Tuesday, March 6, 2012

It's Got to be Baroque


Week 10 Blog 9 for Art History 236

Baroque paintings have always appealed to me.  They have the attention to accurate anatomical detail in human and animal figures lots and of little details like recognizable plants: all the things I love to look at.  They also usually display considerable tenebrism and that dramatic contrast between light and dark along with the rich colors and the emotions and dramatic compositions make work done in this style particularly appealing.  The first people who saw the paintings done by Caravaggio must have been quite amazed and many critics rejected this style as too realistic.  Even today there is an argument that if something is depicted too realistically it somehow isn’t artistic or creative enough to be called art.  In the seventeenth century portraying a saint as a drunk with dirt on his face (even before conversion) was often seen as crude and undignified.

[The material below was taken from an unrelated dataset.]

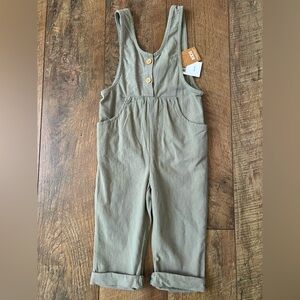Toddler jumpsuit, size 2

Nonetheless, Caravaggio’s style was greatly admired and copied (and sometimes still is) by other artists including two of my favorites, Artemisia Gentileschi and Diego Velazquez.  Artemisia’s Self Portrait as the Allegory of Painting isn’t the most dramatic painting of this era but it does show how Artemisia seems totally unafraid of the truth of her appearance.  She depicts herself, in her middle thirties at this point, as a heavy, somewhat plain though richly dressed woman that might be passed in the street on any day without comment.  Her other works also show a realistic approach, possessing true Baroque drama and yet seeming non-idealized in the sense that the characters in the narrative of the painting seem to be displaying real, natural reactions to their story.  If I were to be tasked with depriving Holofernes of his head I might do it with about the same methods and emotions as Judith in the painting.  Her female perspective of life makes her work easy for me to identify with even from my vantage of several hundred years later.

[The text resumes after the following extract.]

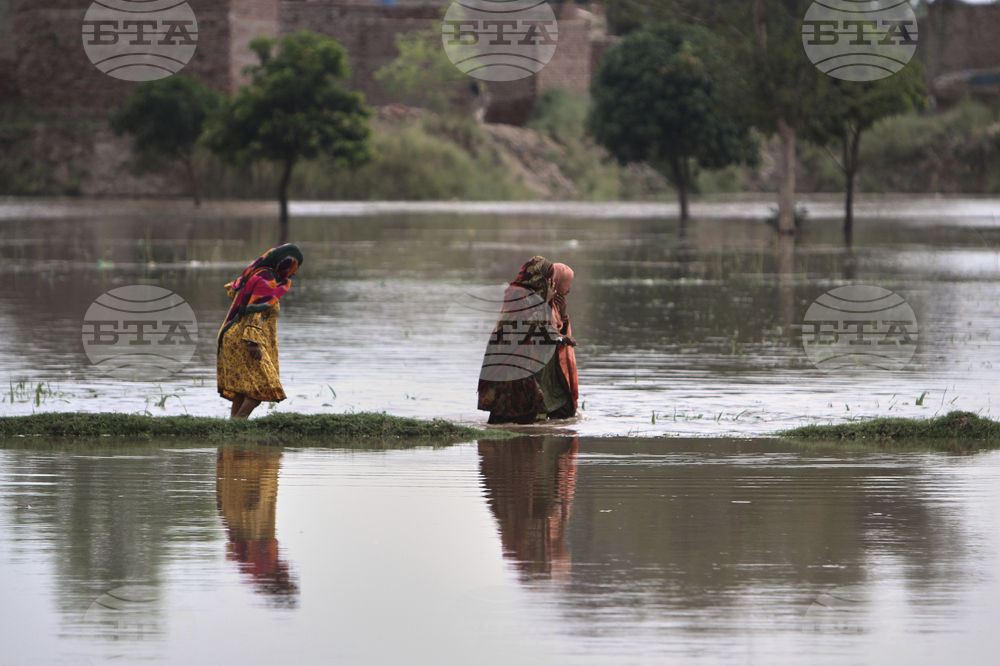 Pakistan Extreme Weather Floods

I think that some of the most enjoyable works of Diego Velazquez were done early in his career.  He painted common people going about their daily lives in the Caravaggesque style such as the work Water Carrier of Seville.  Maybe these lives didn’t contain much drama in reality but it’s provided with his style of lighting and possible iconographic or allegorical meanings.  His fascination with surface textures render the glass and jugs of the water carrier as more real than the figures of the boy, man in the background or the water carrier himself.  He was probably Catholic but didn’t emphasize religious art which also appeals to me.  As a fairly long-lived and prolific artist Velazquez painted many types of subjects from patriotic (The Surrender at Breda [The Lances]) to portraiture to mass portraiture and including himself in Las Meninas (The Maids of Honor).  This painting is so multi-layered.  It seems at first to be a portrait of the princess- and indeed much of the light centers on her- but her maids, parents, pets and portraitist are all included.  Velazquez upholds the time-honored tradition of the artist showing him or herself as an equal member of the court circle by putting himself in a portrait with the noble class.  One other interesting element of the painting is the giant space of the rich, dark background.  The well-lit figures in the foreground dominate the work and don’t seem lost in it and yet the occasional details that emerge from the background space add mystery and drama to the piece in typical Baroque style.  As the Spanish court portraitist Velazquez was kept busy with projects involving the royal family but also found time to travel and illustrate mythological subjects like the Tapestry Weavers, or the Tale of Arachne (which I did a paper on for another class).  He seemed to like to return to his roots of painting common people whenever he could though they were likely to be placed in a much grander setting in his later works.


1 comment:

  1. I love these painters too, and I also agree that Valasquez's earlier career is more interesting. I love pictures of the commoners, and he depicts people with such depth of personality and such drama, as you say. Gentilleschi is also amazing, and I've wondered why she's not more well known in art history for being such a brilliant painter. These two were probably two of my favorites too.